= Raw data =

# # # # #

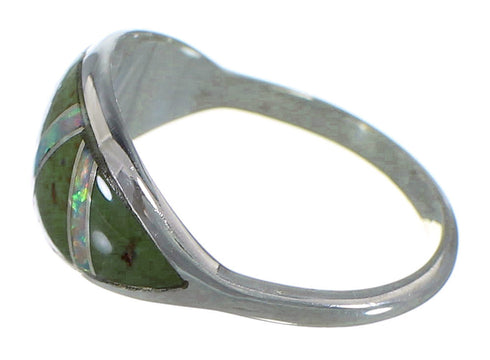 Sterling Silver Turquoise And Opal Southwestern Ring Size 6-3/4 AX52060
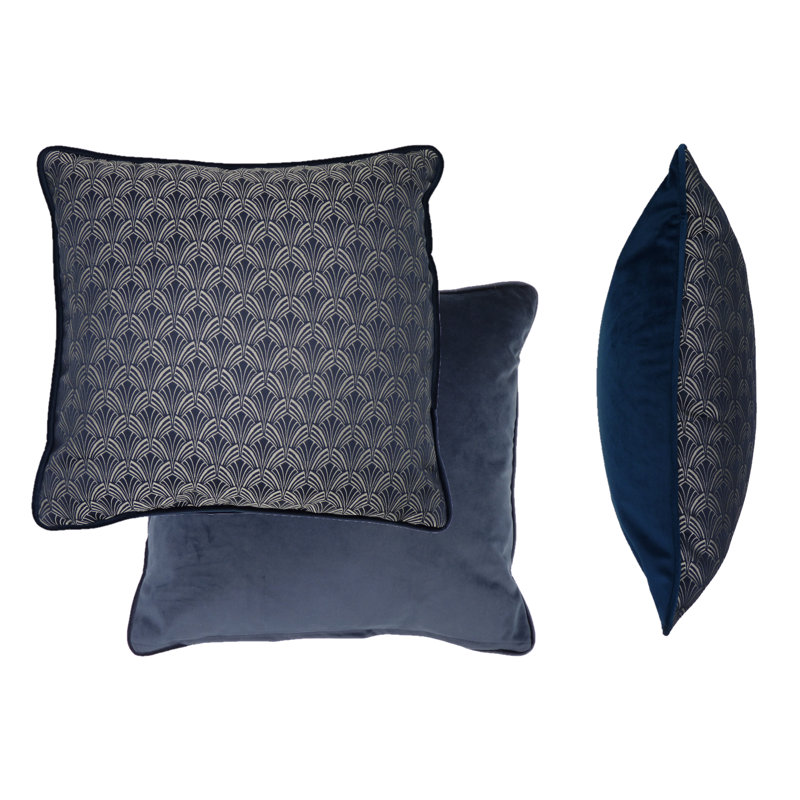 Glenford Geometric Square Throw Pillow Cover, Dark Blue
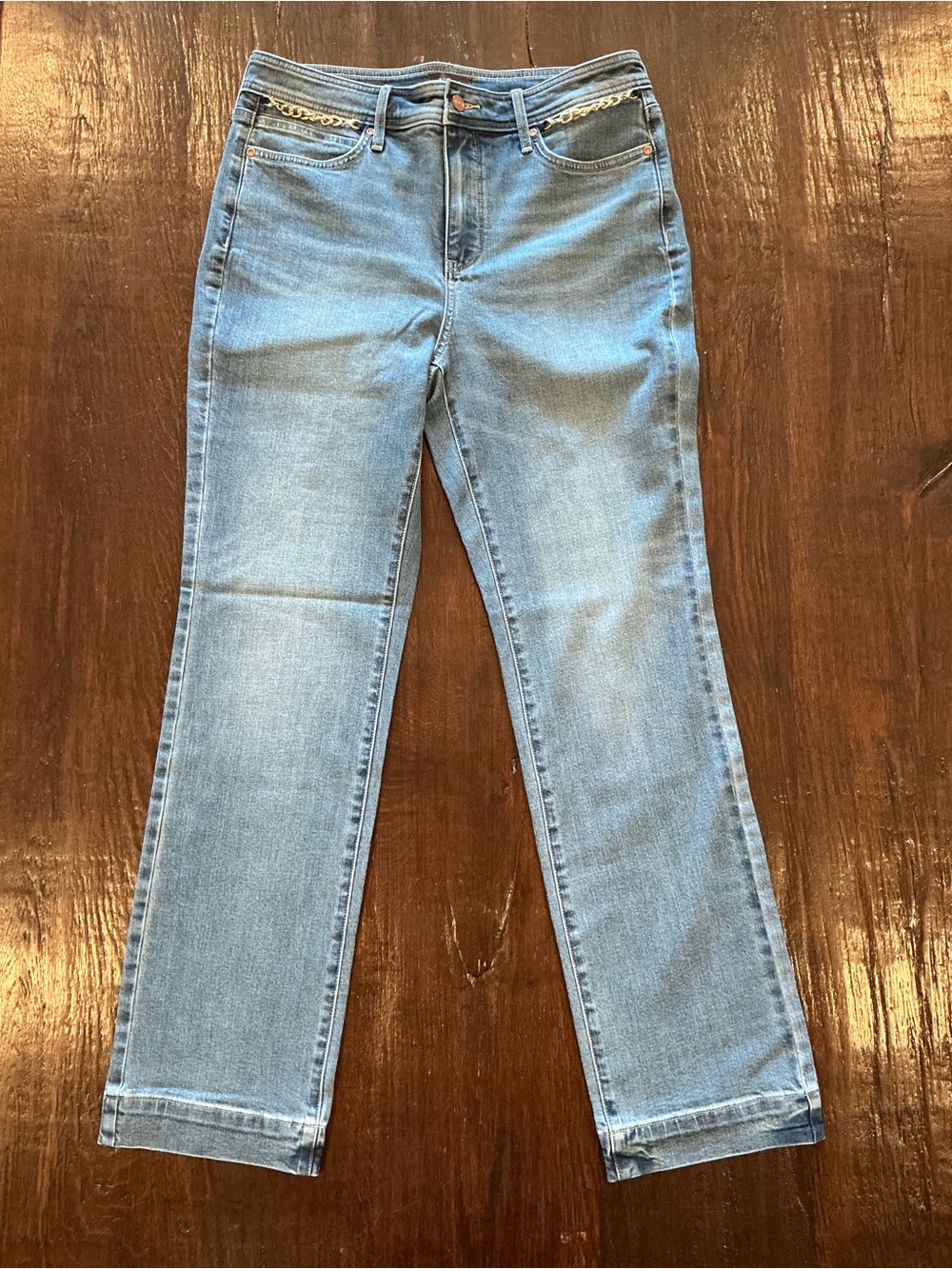 NYDJ Marilyn Straight High Rise Gold Chain Jeans Bastille Sea Size 10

# # # # #

= Exercise description =
Print, exactly and only, the lines running from the line with "Glenford Geometric Square" through the last line of the data, including both. Skip any picture.

= Expected output =
 Glenford Geometric Square Throw Pillow Cover, Dark Blue
 NYDJ Marilyn Straight High Rise Gold Chain Jeans Bastille Sea Size 10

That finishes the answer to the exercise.